Data Engineer Resume for Research — Tips & Keywords
Writing a data engineering resume for research? The keywords, formatting expectations, and common mistakes differ from a generic data engineer resume. Below you'll find the specific ATS keywords hiring managers in research look for, the most common resume mistakes data engineers make when targeting this industry, and actionable tips to improve your match rate. Paste your current resume below for a free ATS match score — or keep reading for the full breakdown. Informational only — not career advice.
By continuing you agree to our Terms and understand this is an AI-generated informational summary that may contain errors. AI can be wrong even when it sounds confident. You are responsible for verifying the output and for any decision you make based on it. Not legal, financial, insurance, or professional advice.
Key ATS keywords for a data engineer in research
These keywords combine data engineer-specific terms with research industry language. Use them where they genuinely describe your experience — and match the phrasing in the specific job description you're targeting.
- Spark
- Airflow
- Snowflake
- Python
- ETL
- peer-reviewed
- publications
- grants
- PI
- co-PI
Common mistakes data engineers make on research resumes
These are the patterns that come up most often when data engineers apply to research roles. They're not universal — but each is worth checking before you submit.
- 1Listing ETL tools without describing pipeline scale (events/day, tables, SLAs).
- 2Missing data-quality and monitoring context that separates senior from junior.
- 3Omitting the business consumers of the pipelines you built.
Research-specific resume tips
Beyond the standard data engineer resume advice, these tips address what research hiring managers and ATS systems look for specifically.
- 1Lead with publications, grants, and specific methodologies (RCT, longitudinal, mixed-methods).
- 2Include funding amounts, PI/co-PI status, and IRB management experience.
- 3Name statistical tools (R, SPSS, Stata) and dataset characteristics.
Related resume checks
- Mechanical EngineeringData Engineer resume tips for Mechanical Engineering →
- Electrical EngineeringData Engineer resume tips for Electrical Engineering →
- Civil EngineeringData Engineer resume tips for Civil Engineering →
- ResearchMachine Learning Engineer resume tips for Research →
- ResearchCybersecurity Analyst resume tips for Research →
- ResearchCloud Architect resume tips for Research →
How does a data engineer resume for research typically get screened?

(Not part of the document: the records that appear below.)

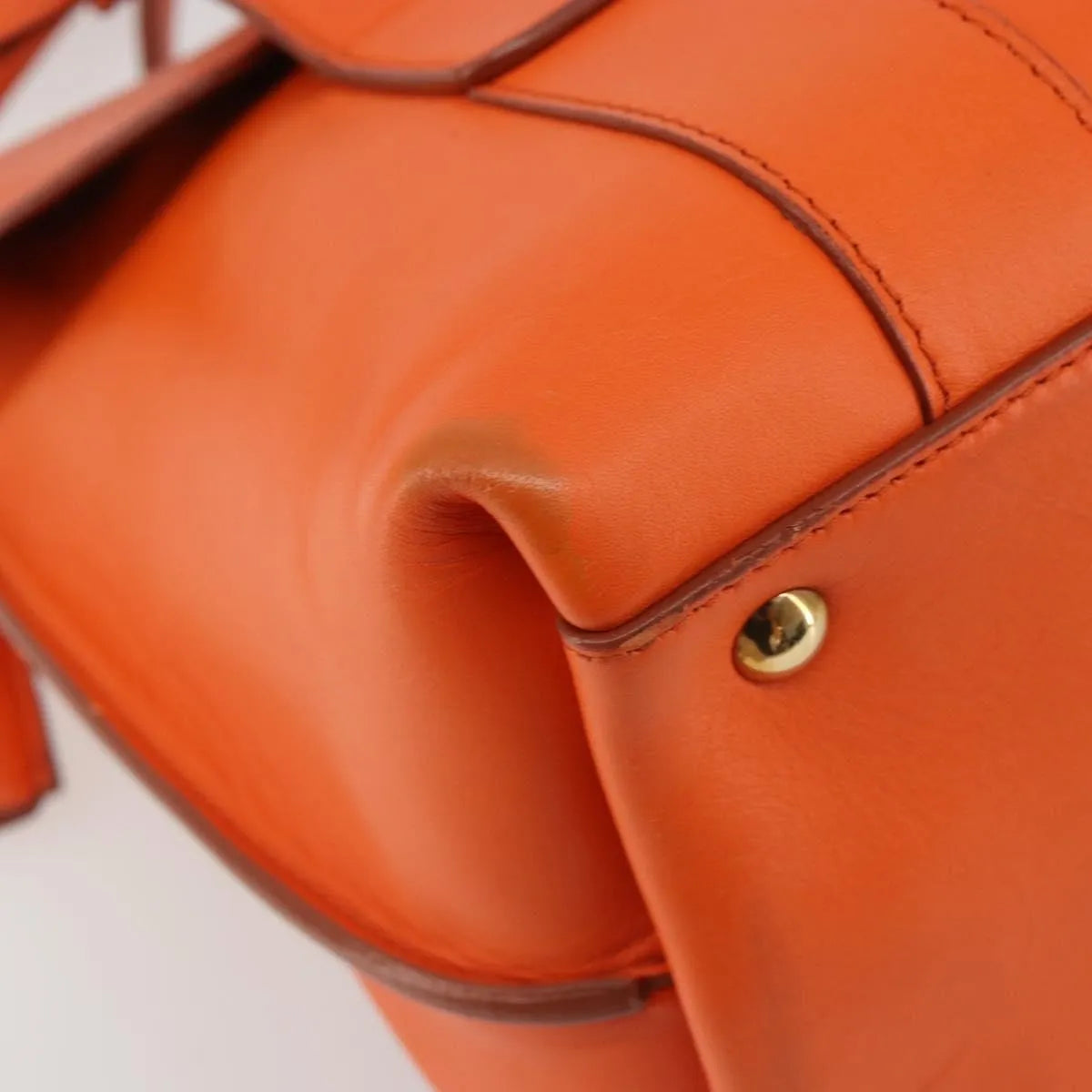 Salvatore Ferragamo Sookie Satchel Leather, Orange, Leather, Handbag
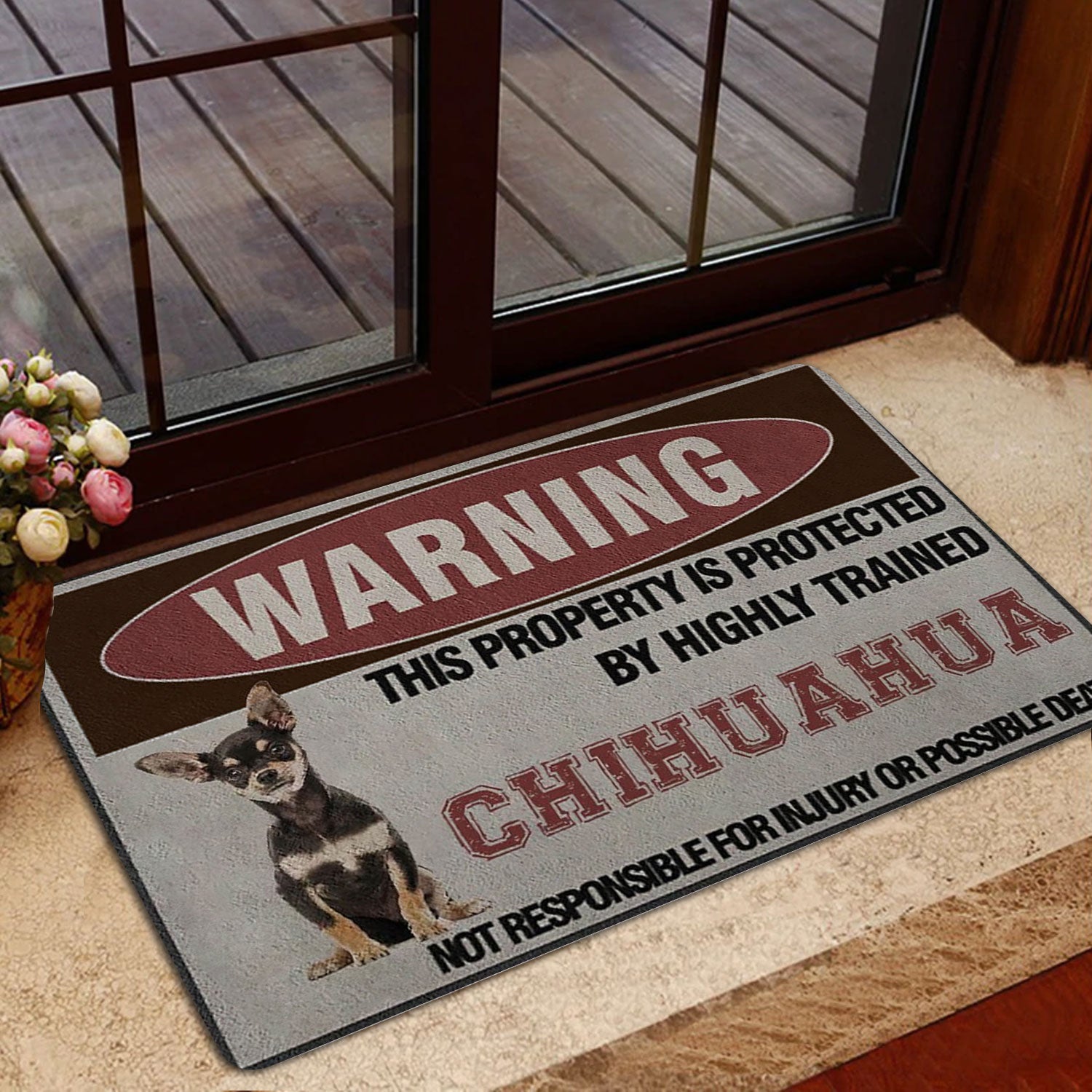 Ohaprints-Doormat-Outdoor-Indoor-Warning-This-Property-Is-Protected-By-Highly-Trained-Chihuahua-Rubber-Door-Mat-1374-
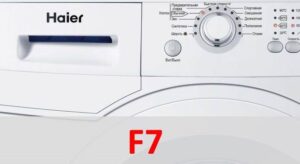 Chyba F7 v pračce Haier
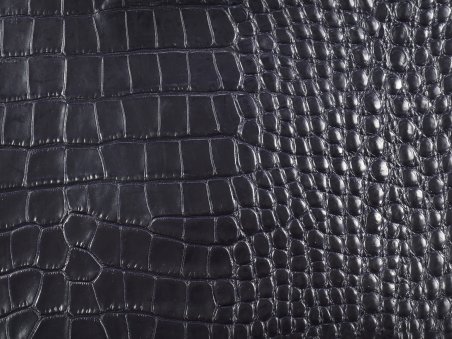 Soft Crocodile Embossed Calfskin Leather
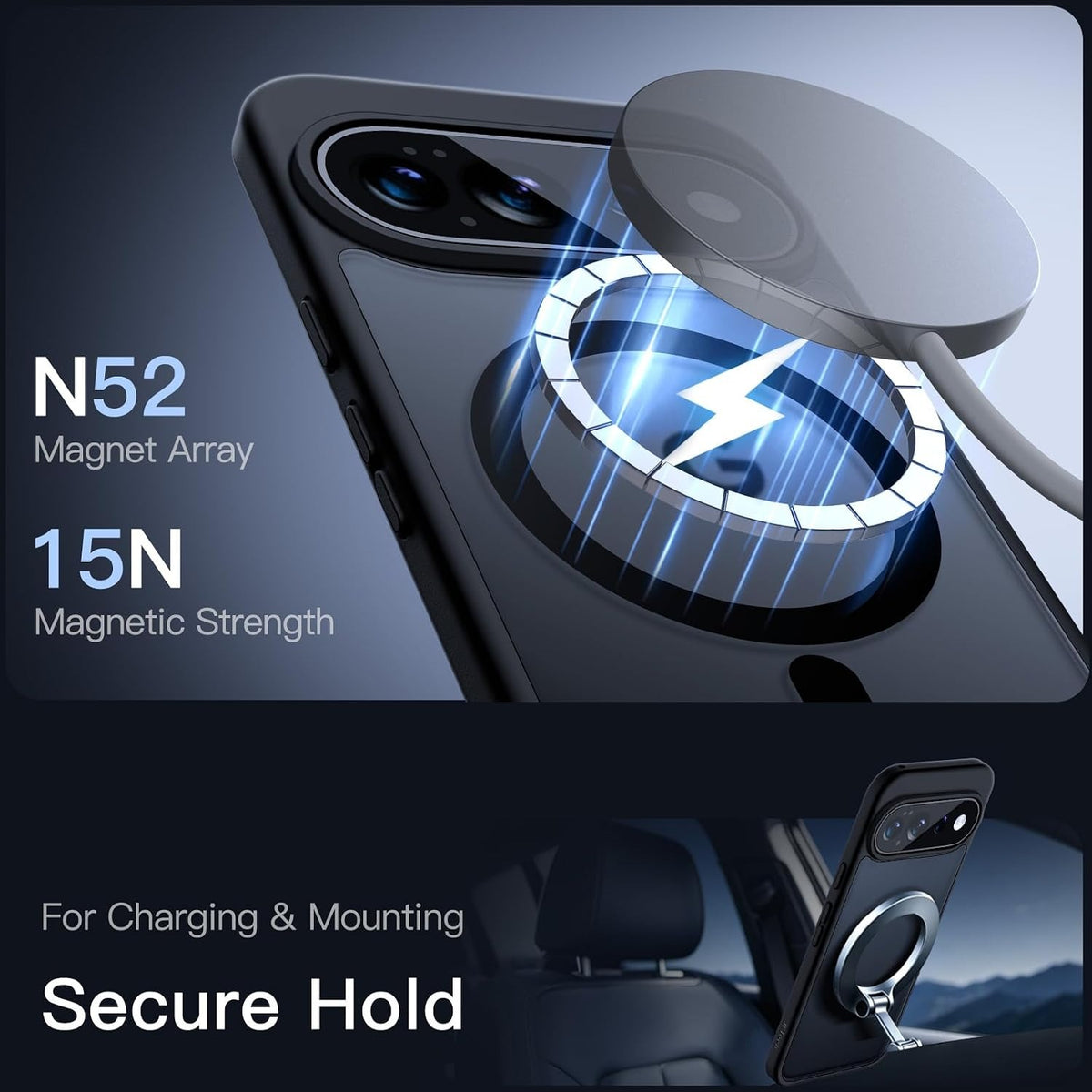 Google Pixel 11 Pro - Translucent SnapGuard Magnetic Armor Mobile Case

Most research companies use an ATS (applicant tracking system) that scores resumes on keyword match, formatting parsability, and section structure before a human ever sees them. A data engineer resume targeting research needs to pass both the automated screen and a 6-second recruiter scan. ResumeWin checks your resume against these patterns and surfaces where your resume sits — so you submit with data, not a guess. Informational only — for career decisions with significant implications, a career coach or mentor in research is the right resource.